Oleh : Sahat M. Sinaga, Direktur Eksekutif Gabungan Industri Minyak Nabati Indonesia (GIMNI)
Menjelang Hari Natal dan Tahun Baru (Nataru) 2022 diprediksi permintaan kebutuhan bahan pokok (bapok) meningkat. Tak terkecuali minyak goreng yang masuk ke dalam 11 komoditas pangan strategis di Indonesia.
Namun masyarakat tak perlu khawatir karena pasokan minyak goreng dalam negeri cukup melimpah. Salah satu upaya untuk menjaga kestabilan pasokan (availability) minyak goreng dengan harga yang terjangkau (afforedable) di 17.000 Titik Jual Pasar (TJP) di seluruh Indonesia, Gabungan Industri Minyak Nabati Indonesia (GIMNI) mengusulkan agar Program Minyak Goreng Kemasan Rakyat (MGKR) dengan merek dagang “MINYAKITA” tetap dijalankan, dan digalakkan agar secara bertahap menggantikan minyak goreng curah. Pola DMO yang sekarang ini diberlakukan untuk mendapatkan PE ( Perijinan Ekspor dengan ratio tertentu) digantikan dengan pola yang lebih efisien dan lugas pelaksanaannya, yaitu bentuk model “Subsidi”.
Subsidi yang dimaksud ini terjabarkan, berupa selisih HAK ( Harga Acuan Kelayakan, yaitu sesuai degan harga pasar ) dikurangi dengan HET ( Harga Eceran Tertinggi) . Besaran Subsidi ini tergantung lokasi pasar – terutama bagi daerah-daerah yang jauh dan tinggi ongkos angkutnya, perlu diberikan ekstra perhatian.

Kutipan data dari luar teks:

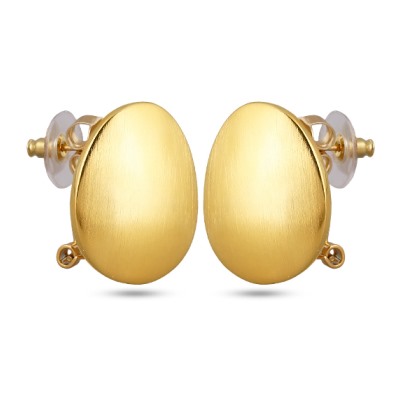 Серьги Геометрия (покрытие матовое золото)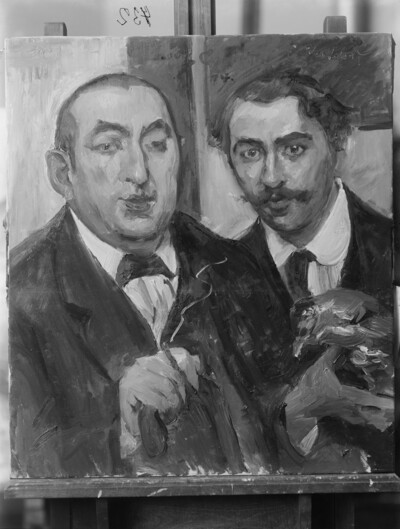 Double portrait of the painters Pottner and Herstein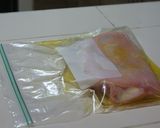 A picture of step 4 of Argentinian Pork "Matambrito" marinated with Rosemary infusion.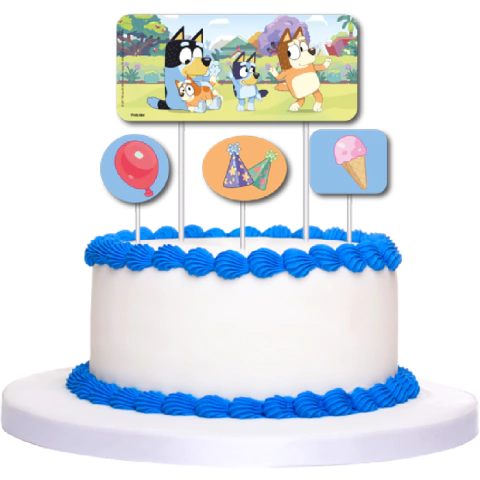 TOPPER PARA BOLO BLUEY 04 un. - 01 UNIDADE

Subsidi yang akan dialokasikan untuk Minyak Goreng Rakyat ini , diperoleh dari Levy ( Dana Pungutan = DP) export yang dikumpulkan oleh BPDP-KS
Pemerintah telah berketetapan, bahwa Minyak Goreng Rakyat ( Curah dan atau kemasan sederhana) untuk pasar domestik harus affordable dan available diseluruh TJP di Indonesia, dan harga yang affordable ini tidak diuntai ( cascade ) dari harga minyak sawit di pasar global yang tinggi dan punya volatity yang tinggi.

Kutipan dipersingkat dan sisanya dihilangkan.